- Your assignment:
Repeat the listing below word for word, minus the pictures.

- Data extract:
____________________
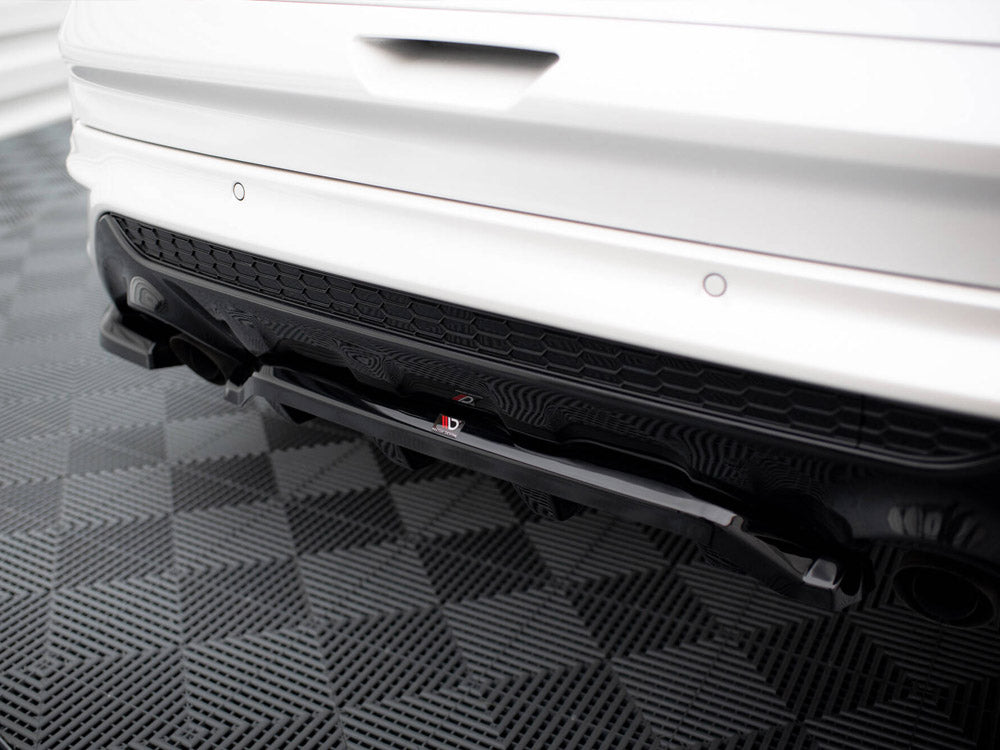 Maxton Design - Central Rear Splitter (Vertical Bars) Ford Kuga ST-Line Mk2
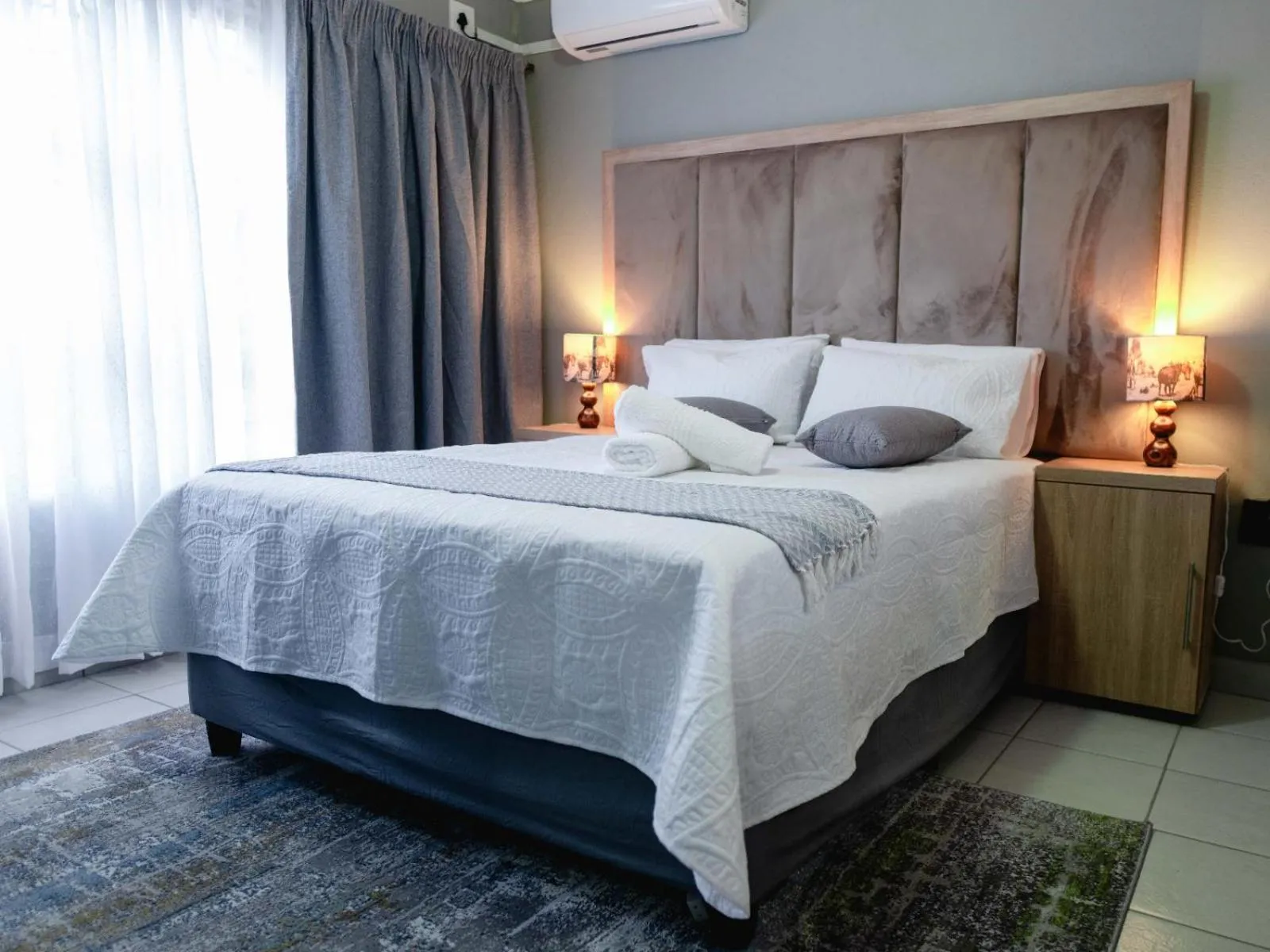 Bed in Viata Luxe Guesthouse
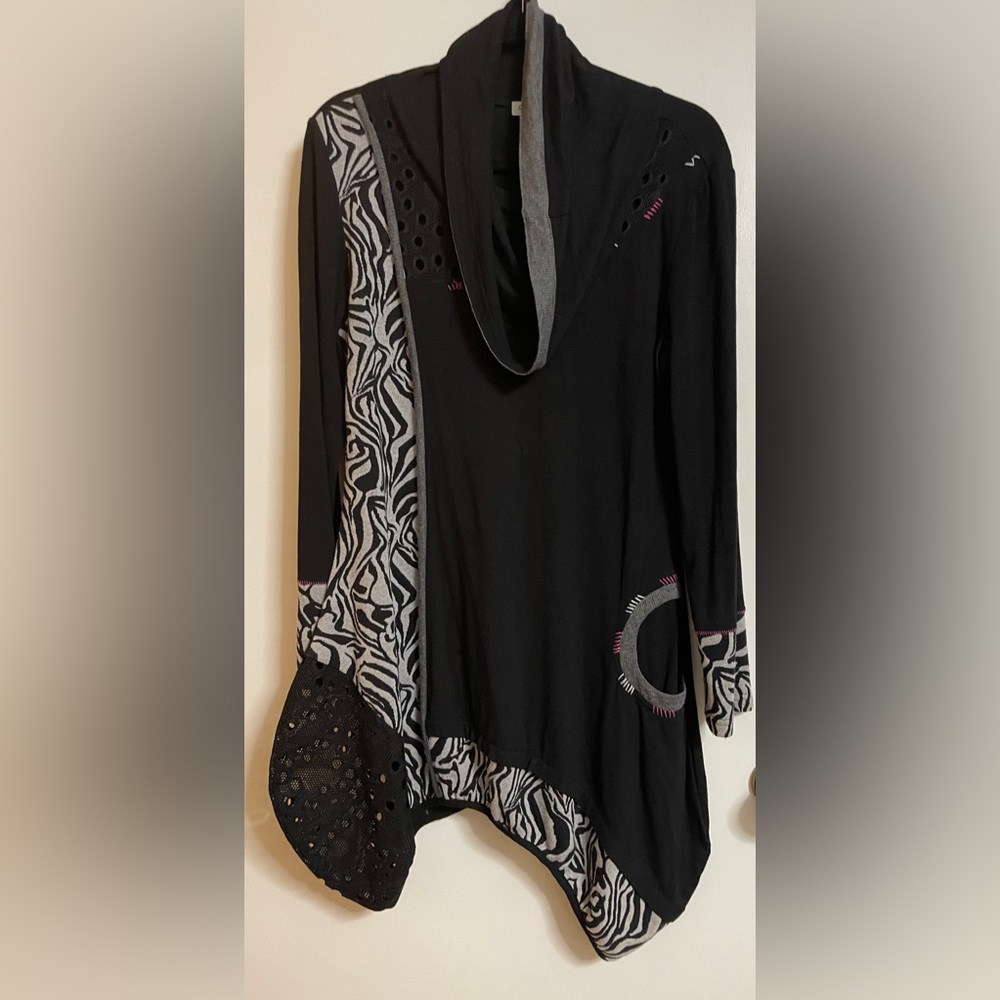 Tunic with Animal Print and cowl neck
____________________
- Task output:
 Maxton Design - Central Rear Splitter (Vertical Bars) Ford Kuga ST-Line Mk2
 Bed in Viata Luxe Guesthouse
 Tunic with Animal Print and cowl neck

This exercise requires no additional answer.